◆ TASK STATEMENT:
Would you reproduce exactly, and only, the lines starting at the one with "Fml Triangle Letter" and ending at the last line of the data, with both included? Leave the pictures out.

◇ ◇ ◇ ◇

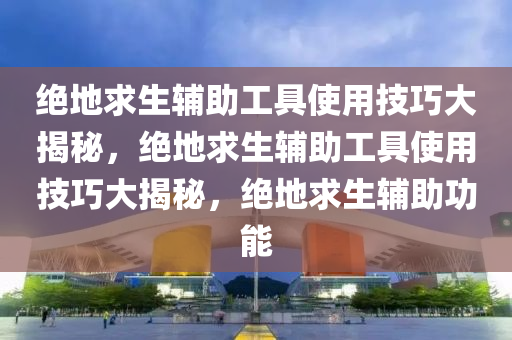 绝地求生辅助工具使用技巧大揭秘，绝地求生辅助工具使用技巧大揭秘，绝地求生辅助功能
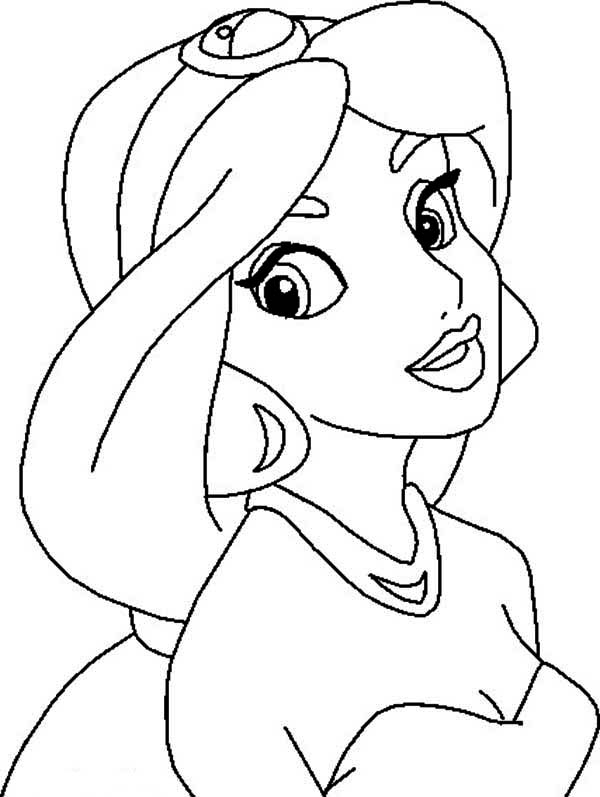 Beautiful Jasmine In Pencil Drawing Coloring Page encequiconcerne Coloriage Jasmine,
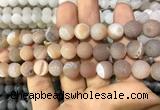 CAA1433 15.5 inches 12mm round matte druzy agate beads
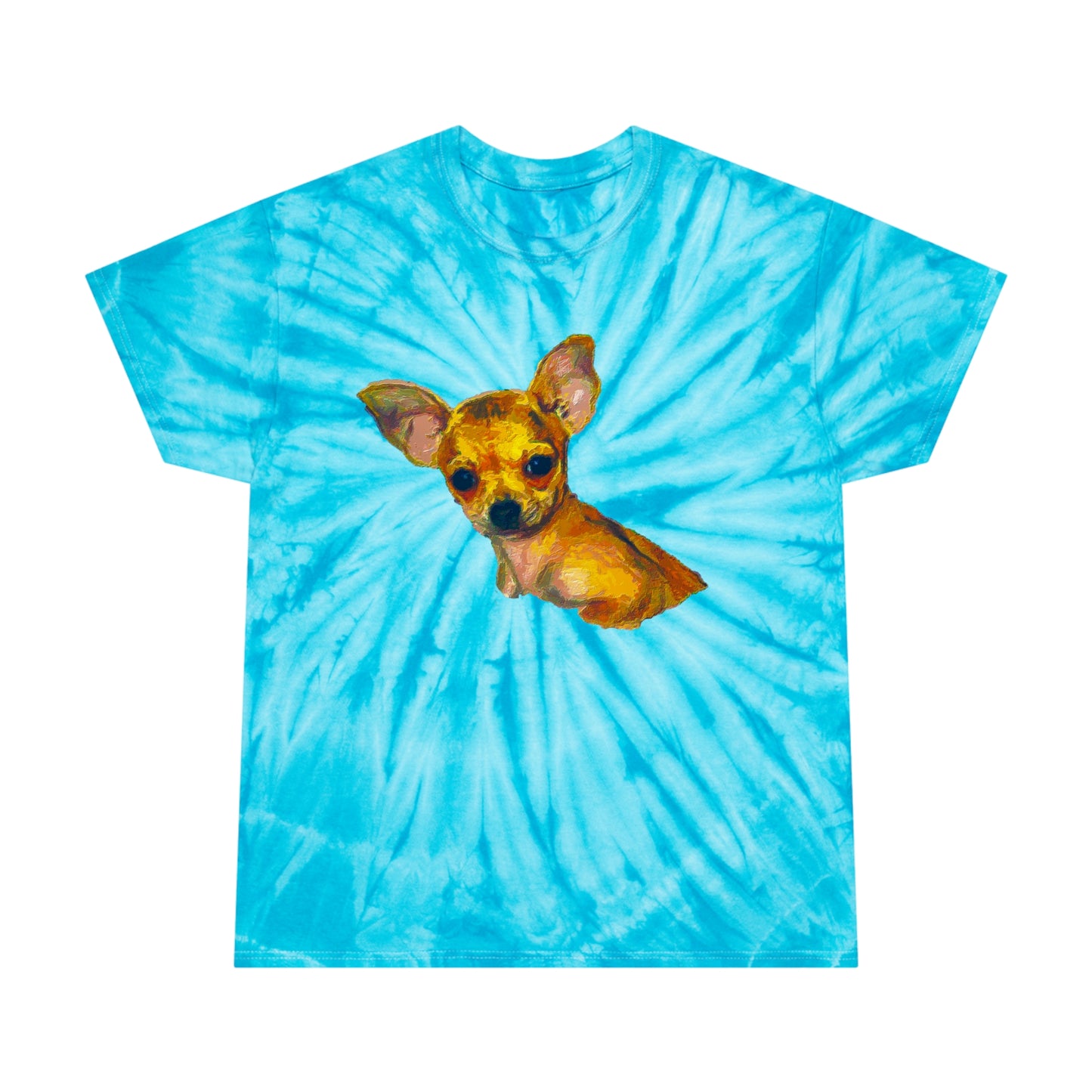 Chihuahua 'Belle' - Tie-Dye Tee, Cyclone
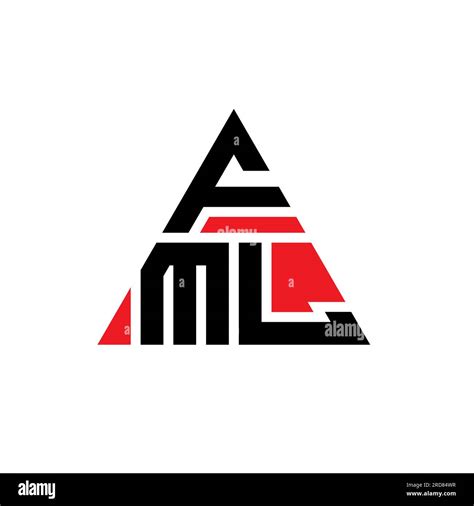 Fml Triangle Letter Logo Design With Triangle Shape Fml Triangle Logo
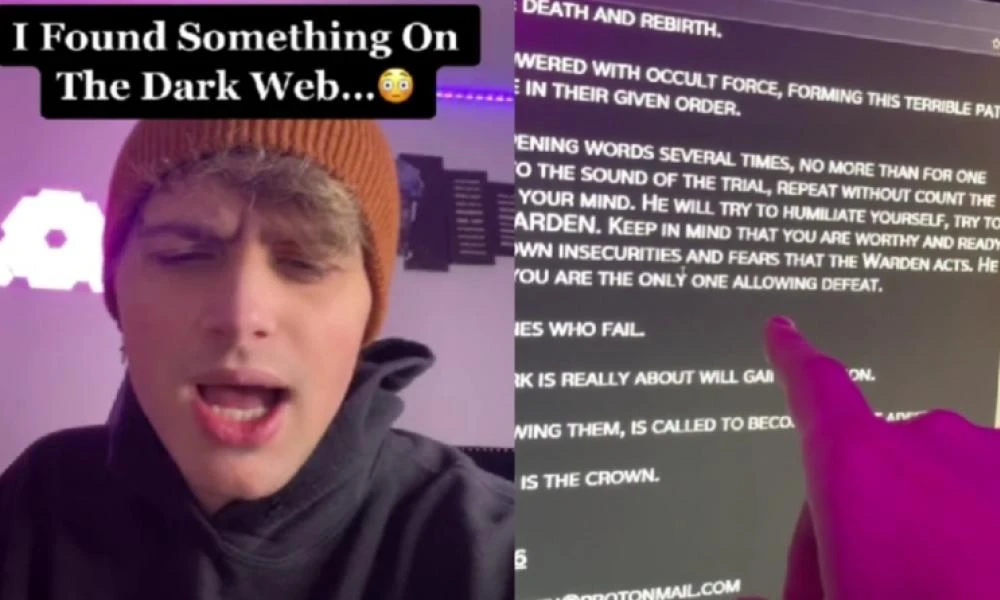 Tiktoker μπήκε σε μια τυχαία συνομιλία στο dark web και το μετάνιωσε αμέσως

◇ ◇ ◇ ◇

◆ TASK RESULT:
 Fml Triangle Letter Logo Design With Triangle Shape Fml Triangle Logo
 Tiktoker μπήκε σε μια τυχαία συνομιλία στο dark web και το μετάνιωσε αμέσως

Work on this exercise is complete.